Boys Like Her
This book has appropriately been dubbed “A road movie of young queer life and gender transformation.” It chronicles the experiences of four performance artists collectively known as Taste This, and succeeds as a fascinating study into the sexuality of the individuals at hand.
Boys Like Her is actually the literary version of the ensemble’s traveling show, with additional insights and stories from their journeys. The authors continually alternate narration, which makes for a steady pace and a decent amount of variety. It is unfortunate, however, that their writing styles rely so heavily on
clichés, which diminish the power of the word.
The wide range of topics discussed include childhood memories, emotional and physical traumas, addictions, desires and so forth. One of the most intriguing and reoccurring areas of interest is that of gender identification. One of the authors contemplates after being asked if she is a boy or a girl: “She is told there are only two possible answers, yet neither of these rings completely true to her ear.” These individuals bravely exist within the fluidity of the two sexes, and this notion of sexual malleability is an important concept for all sexual beings.
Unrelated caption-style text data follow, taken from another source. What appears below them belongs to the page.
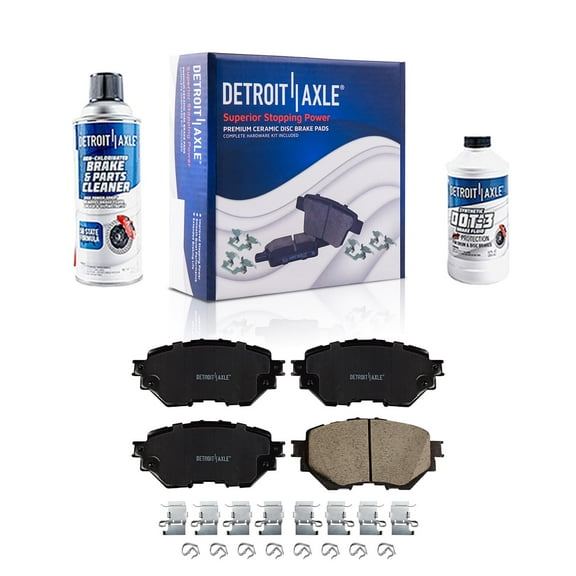 Detroit Axle - Front Ceramic Brake Pads with Hardware Set Replacement for 2014-2018 Mazda 3 Mexico Built - 4pc Set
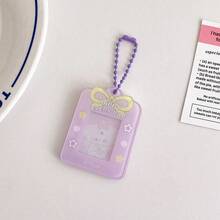 1pc Transparent Cartoon Bow Photo Frame Pendant, Suitable For Photos, Stickers, With Card Slot & Keychain - Bow Card Holder - View 8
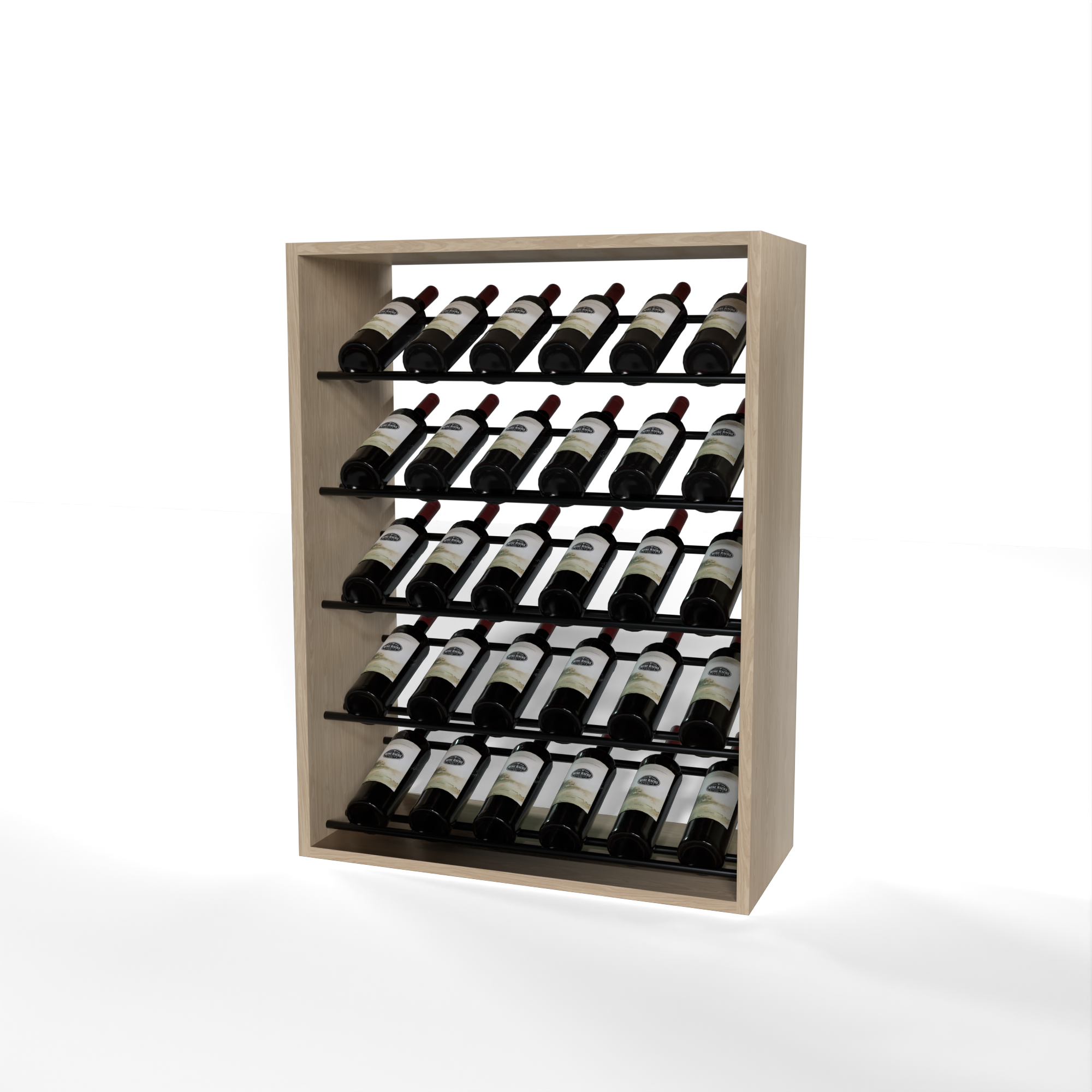 GrandCellar - 6 Column Full-Depth Label-Forward Wine Base Display - 36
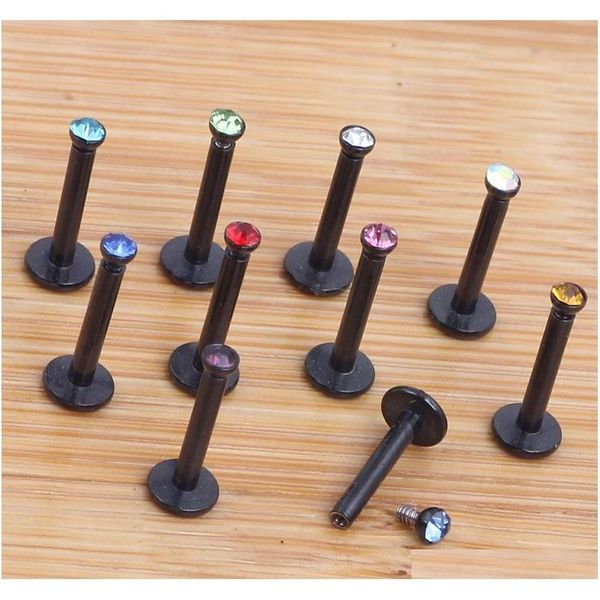 16g black stainless steel internally threaded crystal labret lip ring ball stud chin pier sqchax dh_seller2010
16g black stainless steel internally threaded crystal labret lip ring ball stud chin pier sqchax dh_seller2010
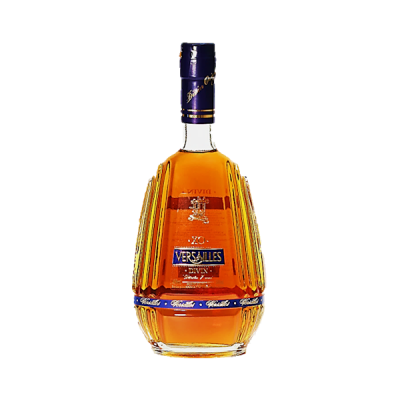 Garrafa de licor Versailles âmbar com rótulo azul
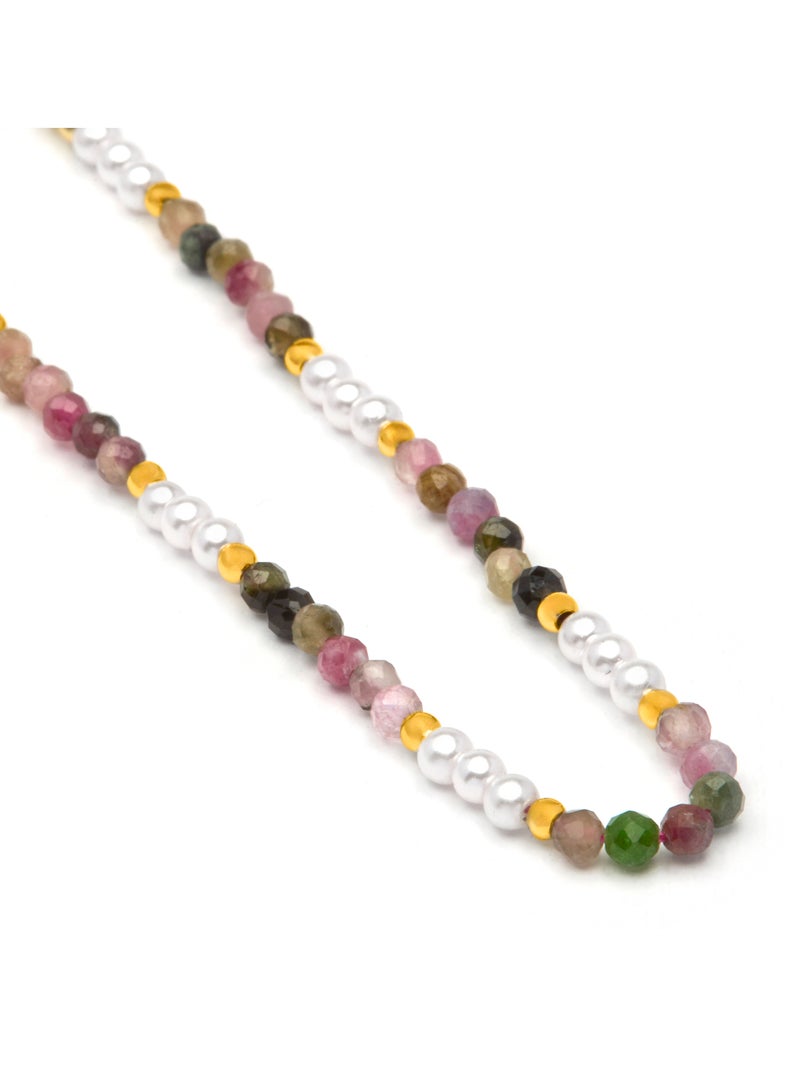 Collier Luxenter en tourmaline multicolore, finition or jaune 18k - Sury Multicolore - Kiabi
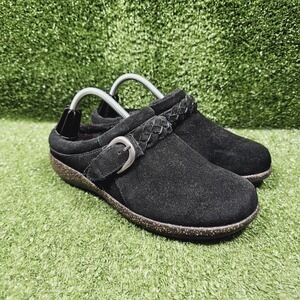 Aetrex Libby Fleece Mule Black Suede Comfort Slip‎ On Shoes Womens Size 7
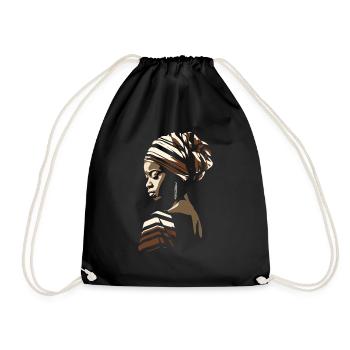 Afrikanische Frau Afrika Headwrap Kopftuch Kente - Turnbeutel - Schwarz - Vorne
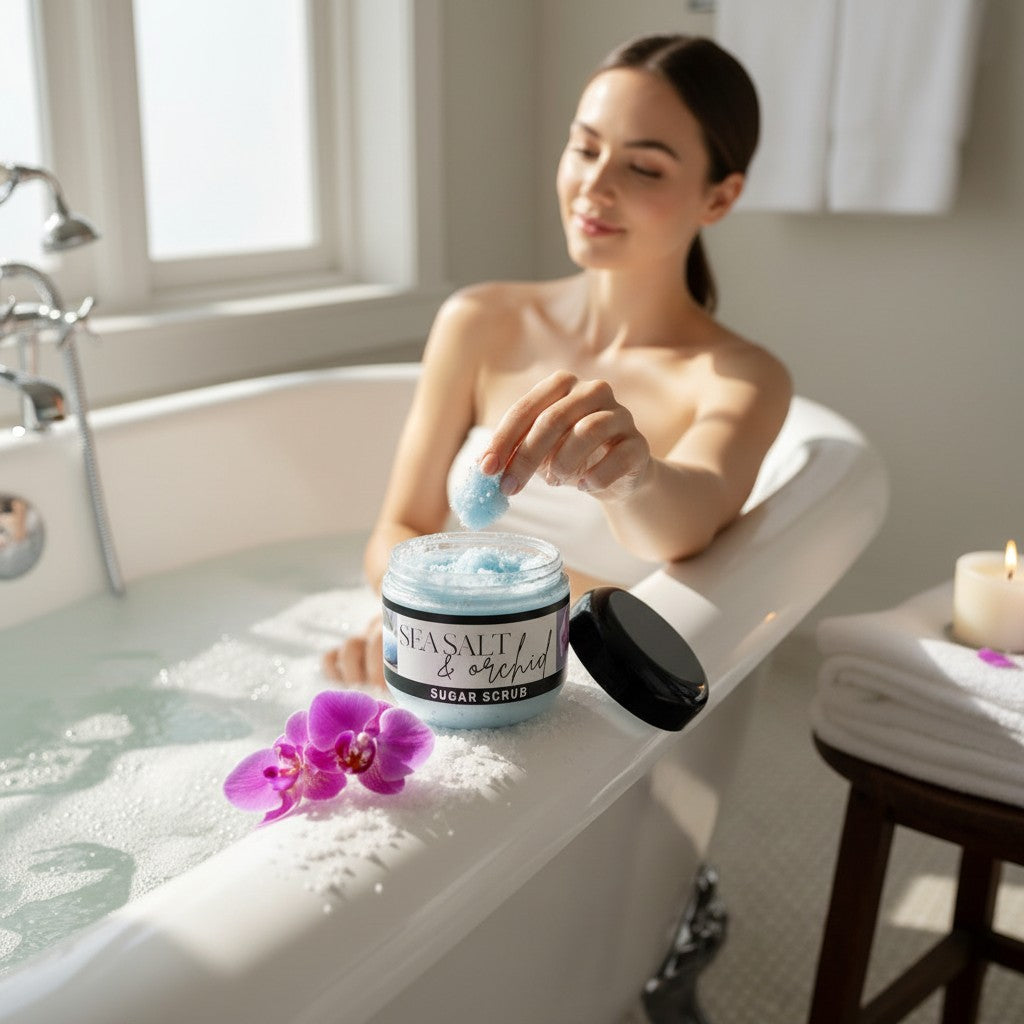 Woman in a bathtub using Doodlations Coffee Bar & Boutique Sea Salt & Orchid sugar scrub for gentle exfoliation.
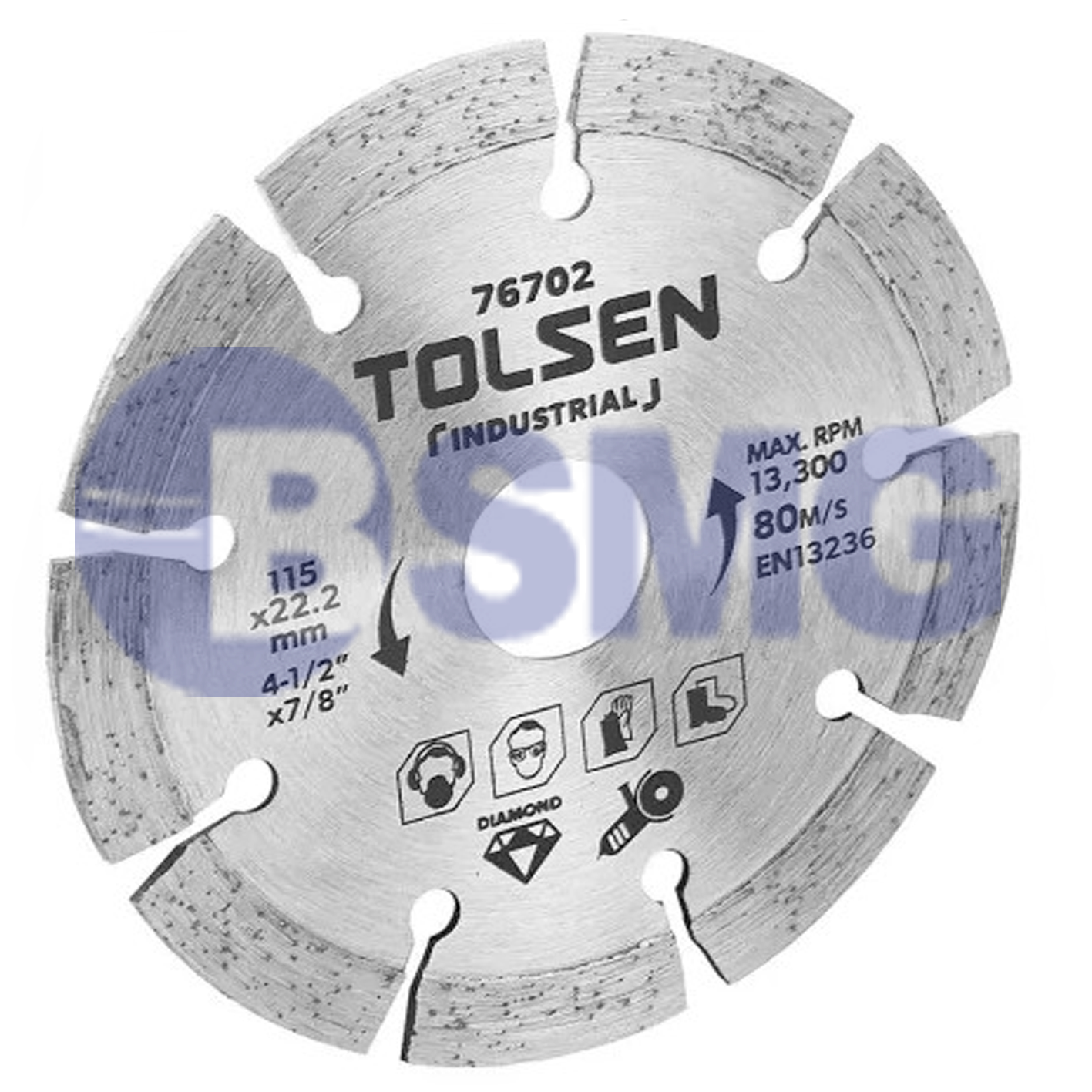 TOL442-76703 მეტლახის საჭრელი დისკი ჩაჭრილი 125X22.2mm   014856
The biggest disappointment is in the book’s photographs and images. Many of the pictures are sexually explicit and are then matched with un-sexually explicit writing. This problem reflects an interesting phenomenon of expression within repressed communities. As is the case in queer culture, sexual expression can often emit overbearing tones, and result with an in-your-face sense of sexuality. Here the effect is disturbing, especially when the texts are printed directly on top of the image. These inappropriate choices end up tainting the literary experience.